Het voor inwoners van België, Aruba en Suriname in de loonbelasting rekening houden met de algemene heffingskorting vereist een aanpassing van de ICT-systemen van de Belastingdienst wat betreft de voorlopige aanslag inkomstenbelasting.
Te hoog toegekende heffingskorting
Als een werkgever in 2019 al in de loonbelasting rekening houdt met het belastingdeel van de algemene heffingskorting kan dat in combinatie met een voorlopige aanslag inkomstenbelasting 2019 leiden tot een te hoog toegekende heffingskorting, omdat de aanpassing in de systemen van de Belastingdienst voor het jaar 2019 niet meer mogelijk is. Dit kan alleen in de aanslagregeling inkomstenbelasting over het jaar 2019 worden rechtgetrokken.
Systemen Belastingdienst aangepast
Voor het jaar 2020 worden de geautomatiseerde systemen van de Belastingdienst zodanig aangepast dat inwoners van België, Suriname en Aruba het belastingdeel van de algemene heffingskorting via de loonbelasting kunnen ontvangen. Werkgevers zijn hierover geïnformeerd.
Inwoners van België, Aruba en Suriname met looninkomsten uit Nederland waarvan het heffingsrecht op grond van het desbetreffende belastingverdrag aan Nederland is toegewezen hebben recht op onder meer het belastingdeel van de algemene heffingskorting. Hierbij is het niet van belang of zij kwalificerende buitenlandse belastingplichtigen zijn.
Niet meer via loonbelasting
In het pakket Belastingplan 2018 is geregeld dat buitenlandse belastingplichtigen met ingang van 1 januari 2019 het belastingdeel van de heffingskortingen – met uitzondering van de arbeidskorting voor inwoners van een andere EU-lidstaat, Liechtenstein, Noorwegen, IJsland, Zwitserland of een van de BES-eilanden (de landenkring) – niet meer via de loonbelasting ontvangen. Hiermee wordt voorkomen dat een groot aantal buitenlandse belastingplichtigen via de loonbelasting te veel aan heffingskortingen ontvangt, waarop in de inkomstenbelasting geen of minder recht bestaat.

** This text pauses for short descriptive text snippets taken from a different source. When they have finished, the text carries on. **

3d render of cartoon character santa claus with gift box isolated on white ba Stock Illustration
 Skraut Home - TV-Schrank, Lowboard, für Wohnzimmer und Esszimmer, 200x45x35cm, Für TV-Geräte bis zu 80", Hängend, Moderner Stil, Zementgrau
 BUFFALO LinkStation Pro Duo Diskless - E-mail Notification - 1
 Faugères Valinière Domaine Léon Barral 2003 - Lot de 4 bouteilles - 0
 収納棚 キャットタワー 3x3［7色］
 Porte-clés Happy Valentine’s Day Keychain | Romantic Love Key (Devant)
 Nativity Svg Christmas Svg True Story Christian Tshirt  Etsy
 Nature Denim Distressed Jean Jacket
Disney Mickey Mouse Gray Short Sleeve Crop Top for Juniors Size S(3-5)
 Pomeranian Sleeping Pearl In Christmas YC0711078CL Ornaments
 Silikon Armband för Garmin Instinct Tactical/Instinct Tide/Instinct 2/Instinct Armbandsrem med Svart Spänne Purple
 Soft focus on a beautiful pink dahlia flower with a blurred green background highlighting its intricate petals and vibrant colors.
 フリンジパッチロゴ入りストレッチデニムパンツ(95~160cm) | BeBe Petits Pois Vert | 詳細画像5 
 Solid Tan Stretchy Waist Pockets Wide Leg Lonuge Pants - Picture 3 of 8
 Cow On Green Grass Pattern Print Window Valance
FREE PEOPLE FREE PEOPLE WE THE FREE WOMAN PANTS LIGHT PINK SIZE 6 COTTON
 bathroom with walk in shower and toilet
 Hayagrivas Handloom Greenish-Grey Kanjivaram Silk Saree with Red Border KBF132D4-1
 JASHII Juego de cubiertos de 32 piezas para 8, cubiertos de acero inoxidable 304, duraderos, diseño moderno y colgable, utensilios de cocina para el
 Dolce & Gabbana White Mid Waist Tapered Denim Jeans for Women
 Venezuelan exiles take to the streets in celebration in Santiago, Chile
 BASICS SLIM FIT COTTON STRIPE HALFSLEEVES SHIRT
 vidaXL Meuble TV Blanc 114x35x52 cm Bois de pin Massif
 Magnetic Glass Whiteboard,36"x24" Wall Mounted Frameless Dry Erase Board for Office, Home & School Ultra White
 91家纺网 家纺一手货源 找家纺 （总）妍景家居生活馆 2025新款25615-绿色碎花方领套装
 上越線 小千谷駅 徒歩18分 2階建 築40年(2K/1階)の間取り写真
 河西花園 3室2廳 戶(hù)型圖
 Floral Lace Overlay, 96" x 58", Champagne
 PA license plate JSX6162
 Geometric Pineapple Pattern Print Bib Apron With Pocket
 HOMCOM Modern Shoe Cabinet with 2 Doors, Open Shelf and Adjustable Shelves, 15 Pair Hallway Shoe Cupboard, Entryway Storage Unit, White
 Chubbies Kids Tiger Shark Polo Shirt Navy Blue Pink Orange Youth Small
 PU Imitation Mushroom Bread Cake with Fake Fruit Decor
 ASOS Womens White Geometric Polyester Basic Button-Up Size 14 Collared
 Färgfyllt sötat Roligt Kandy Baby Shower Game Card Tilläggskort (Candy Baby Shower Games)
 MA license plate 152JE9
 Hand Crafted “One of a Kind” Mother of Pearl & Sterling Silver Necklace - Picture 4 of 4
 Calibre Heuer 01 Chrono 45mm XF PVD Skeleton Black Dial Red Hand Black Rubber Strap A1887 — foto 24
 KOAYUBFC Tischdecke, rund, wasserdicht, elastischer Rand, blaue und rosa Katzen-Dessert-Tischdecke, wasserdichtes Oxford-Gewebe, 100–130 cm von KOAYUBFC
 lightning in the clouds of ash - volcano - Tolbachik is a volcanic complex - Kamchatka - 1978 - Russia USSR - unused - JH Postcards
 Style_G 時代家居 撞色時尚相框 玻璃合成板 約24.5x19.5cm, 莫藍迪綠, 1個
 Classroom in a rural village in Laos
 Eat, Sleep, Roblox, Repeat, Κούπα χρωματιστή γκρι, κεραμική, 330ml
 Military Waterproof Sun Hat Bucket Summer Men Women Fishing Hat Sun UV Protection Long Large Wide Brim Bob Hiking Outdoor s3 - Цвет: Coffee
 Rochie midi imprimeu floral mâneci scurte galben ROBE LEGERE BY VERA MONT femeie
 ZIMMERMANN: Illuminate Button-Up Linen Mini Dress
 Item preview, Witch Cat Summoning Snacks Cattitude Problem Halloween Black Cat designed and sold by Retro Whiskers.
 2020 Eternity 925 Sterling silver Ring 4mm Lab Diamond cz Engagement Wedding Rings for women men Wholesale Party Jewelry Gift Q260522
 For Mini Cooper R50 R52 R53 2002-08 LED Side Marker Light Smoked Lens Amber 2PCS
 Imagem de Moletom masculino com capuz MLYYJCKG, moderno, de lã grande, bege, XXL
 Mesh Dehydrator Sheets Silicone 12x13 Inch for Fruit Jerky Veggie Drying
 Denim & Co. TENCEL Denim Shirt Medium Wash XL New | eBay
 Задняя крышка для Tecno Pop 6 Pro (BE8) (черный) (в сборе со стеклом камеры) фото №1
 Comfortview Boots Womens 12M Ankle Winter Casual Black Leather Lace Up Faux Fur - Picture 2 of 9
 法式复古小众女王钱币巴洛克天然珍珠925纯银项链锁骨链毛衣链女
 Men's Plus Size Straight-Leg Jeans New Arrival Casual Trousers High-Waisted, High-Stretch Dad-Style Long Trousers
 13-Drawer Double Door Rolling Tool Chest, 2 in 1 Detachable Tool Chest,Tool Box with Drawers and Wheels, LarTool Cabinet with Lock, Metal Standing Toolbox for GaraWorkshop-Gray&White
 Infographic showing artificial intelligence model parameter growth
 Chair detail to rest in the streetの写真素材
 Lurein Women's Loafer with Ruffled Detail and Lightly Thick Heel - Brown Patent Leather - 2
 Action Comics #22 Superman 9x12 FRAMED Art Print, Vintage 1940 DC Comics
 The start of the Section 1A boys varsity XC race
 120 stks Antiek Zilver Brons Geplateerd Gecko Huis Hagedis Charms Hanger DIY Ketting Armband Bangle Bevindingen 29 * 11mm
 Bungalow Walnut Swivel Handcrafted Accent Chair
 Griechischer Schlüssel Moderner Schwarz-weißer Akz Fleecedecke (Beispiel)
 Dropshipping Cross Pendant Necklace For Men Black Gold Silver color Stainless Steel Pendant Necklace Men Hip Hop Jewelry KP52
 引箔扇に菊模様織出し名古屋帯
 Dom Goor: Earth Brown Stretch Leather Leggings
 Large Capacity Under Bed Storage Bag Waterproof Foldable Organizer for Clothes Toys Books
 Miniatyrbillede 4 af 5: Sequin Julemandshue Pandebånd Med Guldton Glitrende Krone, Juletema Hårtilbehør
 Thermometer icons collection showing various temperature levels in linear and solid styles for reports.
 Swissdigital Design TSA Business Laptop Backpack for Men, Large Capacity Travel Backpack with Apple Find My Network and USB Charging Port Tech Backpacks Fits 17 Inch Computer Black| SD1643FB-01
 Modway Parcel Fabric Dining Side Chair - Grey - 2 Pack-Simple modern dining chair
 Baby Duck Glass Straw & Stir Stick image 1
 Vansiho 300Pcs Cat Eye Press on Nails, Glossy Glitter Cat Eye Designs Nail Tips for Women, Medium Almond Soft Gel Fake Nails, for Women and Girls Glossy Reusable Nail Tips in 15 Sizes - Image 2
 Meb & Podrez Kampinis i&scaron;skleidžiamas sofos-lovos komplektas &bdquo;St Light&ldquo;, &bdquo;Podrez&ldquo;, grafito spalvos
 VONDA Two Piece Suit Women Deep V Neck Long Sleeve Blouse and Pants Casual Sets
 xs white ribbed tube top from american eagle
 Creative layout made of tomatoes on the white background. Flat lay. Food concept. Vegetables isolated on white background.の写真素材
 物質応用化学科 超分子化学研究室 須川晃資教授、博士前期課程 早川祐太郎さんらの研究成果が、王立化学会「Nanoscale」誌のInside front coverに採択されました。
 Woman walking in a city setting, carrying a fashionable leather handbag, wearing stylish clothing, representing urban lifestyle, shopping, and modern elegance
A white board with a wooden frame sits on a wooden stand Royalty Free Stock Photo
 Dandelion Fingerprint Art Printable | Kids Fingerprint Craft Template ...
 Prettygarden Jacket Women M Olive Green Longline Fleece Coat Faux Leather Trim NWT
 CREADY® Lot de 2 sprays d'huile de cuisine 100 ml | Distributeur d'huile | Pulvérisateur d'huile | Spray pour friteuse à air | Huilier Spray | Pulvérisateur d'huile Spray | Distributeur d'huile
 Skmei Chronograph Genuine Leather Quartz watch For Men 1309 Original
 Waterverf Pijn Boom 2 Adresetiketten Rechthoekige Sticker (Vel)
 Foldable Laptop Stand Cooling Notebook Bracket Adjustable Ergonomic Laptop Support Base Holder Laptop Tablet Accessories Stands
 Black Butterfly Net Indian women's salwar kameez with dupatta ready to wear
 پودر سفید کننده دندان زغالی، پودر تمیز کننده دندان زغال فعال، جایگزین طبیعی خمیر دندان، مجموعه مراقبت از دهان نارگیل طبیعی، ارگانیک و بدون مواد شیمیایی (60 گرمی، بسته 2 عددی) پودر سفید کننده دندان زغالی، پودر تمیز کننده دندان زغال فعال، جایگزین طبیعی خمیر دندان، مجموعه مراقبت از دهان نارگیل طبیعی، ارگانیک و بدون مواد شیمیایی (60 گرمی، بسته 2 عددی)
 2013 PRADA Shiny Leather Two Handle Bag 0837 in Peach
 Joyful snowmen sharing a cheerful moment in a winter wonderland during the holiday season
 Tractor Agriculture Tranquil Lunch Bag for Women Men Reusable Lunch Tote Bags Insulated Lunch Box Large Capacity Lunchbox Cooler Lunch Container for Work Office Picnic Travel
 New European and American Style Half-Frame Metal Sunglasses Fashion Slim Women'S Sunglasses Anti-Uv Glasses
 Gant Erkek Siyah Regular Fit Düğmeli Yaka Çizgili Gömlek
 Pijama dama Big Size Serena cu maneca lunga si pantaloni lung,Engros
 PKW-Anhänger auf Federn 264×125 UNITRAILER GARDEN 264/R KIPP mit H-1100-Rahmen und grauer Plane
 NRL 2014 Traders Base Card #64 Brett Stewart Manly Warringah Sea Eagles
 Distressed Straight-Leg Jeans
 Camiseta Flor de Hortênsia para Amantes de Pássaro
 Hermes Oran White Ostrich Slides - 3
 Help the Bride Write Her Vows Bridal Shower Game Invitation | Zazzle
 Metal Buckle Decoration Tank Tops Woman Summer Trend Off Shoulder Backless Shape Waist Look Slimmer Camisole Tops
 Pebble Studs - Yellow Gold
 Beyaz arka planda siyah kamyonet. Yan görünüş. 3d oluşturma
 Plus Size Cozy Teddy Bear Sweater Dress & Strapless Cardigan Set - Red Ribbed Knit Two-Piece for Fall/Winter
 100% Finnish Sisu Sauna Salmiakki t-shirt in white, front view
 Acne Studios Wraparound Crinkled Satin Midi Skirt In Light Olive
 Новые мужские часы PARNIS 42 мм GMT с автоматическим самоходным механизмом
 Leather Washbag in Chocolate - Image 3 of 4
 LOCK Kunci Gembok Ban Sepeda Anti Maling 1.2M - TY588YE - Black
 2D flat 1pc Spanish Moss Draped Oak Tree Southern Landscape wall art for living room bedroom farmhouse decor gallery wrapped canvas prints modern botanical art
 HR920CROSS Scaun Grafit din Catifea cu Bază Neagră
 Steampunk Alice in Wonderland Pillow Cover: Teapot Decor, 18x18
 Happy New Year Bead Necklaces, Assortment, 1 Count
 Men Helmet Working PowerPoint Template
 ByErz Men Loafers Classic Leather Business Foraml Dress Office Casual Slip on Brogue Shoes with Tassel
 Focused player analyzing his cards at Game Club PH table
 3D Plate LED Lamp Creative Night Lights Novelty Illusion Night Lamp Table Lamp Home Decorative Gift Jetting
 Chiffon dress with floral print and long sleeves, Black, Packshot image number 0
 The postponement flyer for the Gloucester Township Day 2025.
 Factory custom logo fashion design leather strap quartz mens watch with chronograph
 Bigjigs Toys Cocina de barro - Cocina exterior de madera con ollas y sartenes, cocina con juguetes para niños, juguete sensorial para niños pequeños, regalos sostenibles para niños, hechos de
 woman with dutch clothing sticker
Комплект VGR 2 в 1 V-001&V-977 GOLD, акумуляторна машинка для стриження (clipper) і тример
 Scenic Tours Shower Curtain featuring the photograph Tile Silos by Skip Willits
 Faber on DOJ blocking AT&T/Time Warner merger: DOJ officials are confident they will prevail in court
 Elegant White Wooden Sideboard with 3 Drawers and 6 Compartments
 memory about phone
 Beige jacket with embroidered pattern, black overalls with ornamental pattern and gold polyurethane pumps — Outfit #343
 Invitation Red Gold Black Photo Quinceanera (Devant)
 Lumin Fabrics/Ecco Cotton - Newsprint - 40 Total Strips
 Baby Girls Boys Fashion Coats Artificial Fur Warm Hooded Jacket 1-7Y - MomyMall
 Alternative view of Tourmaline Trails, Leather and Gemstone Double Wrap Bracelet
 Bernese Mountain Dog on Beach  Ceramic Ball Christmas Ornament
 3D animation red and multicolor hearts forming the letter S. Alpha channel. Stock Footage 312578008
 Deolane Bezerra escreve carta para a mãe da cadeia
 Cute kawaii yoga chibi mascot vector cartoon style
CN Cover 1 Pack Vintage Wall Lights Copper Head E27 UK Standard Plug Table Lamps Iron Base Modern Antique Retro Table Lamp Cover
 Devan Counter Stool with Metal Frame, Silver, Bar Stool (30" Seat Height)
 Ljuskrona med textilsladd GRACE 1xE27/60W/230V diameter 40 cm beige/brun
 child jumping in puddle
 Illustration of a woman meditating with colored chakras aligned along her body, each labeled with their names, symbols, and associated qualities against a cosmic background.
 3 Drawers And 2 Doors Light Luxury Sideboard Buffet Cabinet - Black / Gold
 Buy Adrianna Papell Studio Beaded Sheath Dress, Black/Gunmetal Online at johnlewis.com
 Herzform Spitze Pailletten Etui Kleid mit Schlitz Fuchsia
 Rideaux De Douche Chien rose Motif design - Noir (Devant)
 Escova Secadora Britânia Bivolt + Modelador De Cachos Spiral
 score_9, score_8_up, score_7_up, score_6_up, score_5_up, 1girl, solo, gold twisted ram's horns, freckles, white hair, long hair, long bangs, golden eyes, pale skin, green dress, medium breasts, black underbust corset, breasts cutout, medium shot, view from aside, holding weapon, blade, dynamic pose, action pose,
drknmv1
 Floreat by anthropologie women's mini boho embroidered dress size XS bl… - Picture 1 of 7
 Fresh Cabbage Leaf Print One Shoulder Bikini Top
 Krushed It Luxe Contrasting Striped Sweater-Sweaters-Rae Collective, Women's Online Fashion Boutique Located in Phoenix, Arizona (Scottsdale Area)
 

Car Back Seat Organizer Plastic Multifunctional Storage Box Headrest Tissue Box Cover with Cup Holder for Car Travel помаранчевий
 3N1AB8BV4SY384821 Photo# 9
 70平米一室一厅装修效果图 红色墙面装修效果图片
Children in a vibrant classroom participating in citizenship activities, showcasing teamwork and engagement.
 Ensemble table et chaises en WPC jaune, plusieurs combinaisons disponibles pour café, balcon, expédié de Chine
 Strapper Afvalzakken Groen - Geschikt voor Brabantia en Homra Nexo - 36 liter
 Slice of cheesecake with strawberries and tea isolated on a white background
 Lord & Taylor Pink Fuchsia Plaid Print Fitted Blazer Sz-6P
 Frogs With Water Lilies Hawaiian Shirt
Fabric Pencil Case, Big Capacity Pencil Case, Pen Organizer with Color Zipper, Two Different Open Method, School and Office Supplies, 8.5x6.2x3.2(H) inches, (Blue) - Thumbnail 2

Voor werkgevers is vaak niet vast te stellen of en in hoeverre de in het buitenland wonende werknemers uiteindelijk in de inkomstenbelasting recht zullen hebben op het belastingdeel van de heffingskortingen.
Uitzonderingen
Voor inwoners van België, Aruba en Suriname wordt dus afgeweken van bovenstaande situatie. Uitgangspunt daarbij is dat een werkgever voor de loonbelasting op het moment van inhouding zeker weet dat de betreffende buitenlandse belastingplichtige in de inkomstenbelasting recht heeft op het belastingdeel van de betreffende heffingskortingen.
Uitgezonden ambtenaren
Een andere situatie betreft bepaalde uitgezonden Nederlanders die in dienstbetrekking staan tot Nederland (uitgezonden ambtenaren) en gedurende de uitzending geen inwoner meer zijn van Nederland. Op grond van de woonplaatsfictie worden zij geacht in Nederland te wonen. Zij hebben in de inkomstenbelasting dan ook recht op dezelfde heffingskortingen als inwoners van Nederland, waaronder het belastingdeel van de algemene heffingskorting en de arbeidskorting.
Het maakt daarbij geen verschil of de uitgezonden ambtenaar feitelijk binnen dan wel buiten de landenkring woont. Een dergelijke woonplaatsfictie staat niet in de Wet op de loonbelasting 1964. Bij een strikte wetsuitleg kunnen uitgezonden ambtenaren het belastingdeel van de heffingskortingen daarom alleen via de inkomstenbelasting verzilveren.
Voor deze groep wordt in een beleidsbesluit vastgelegd dat de werkgever in de loonbelasting het belastingdeel van de algemene heffingskorting en de arbeidskorting kan toepassen.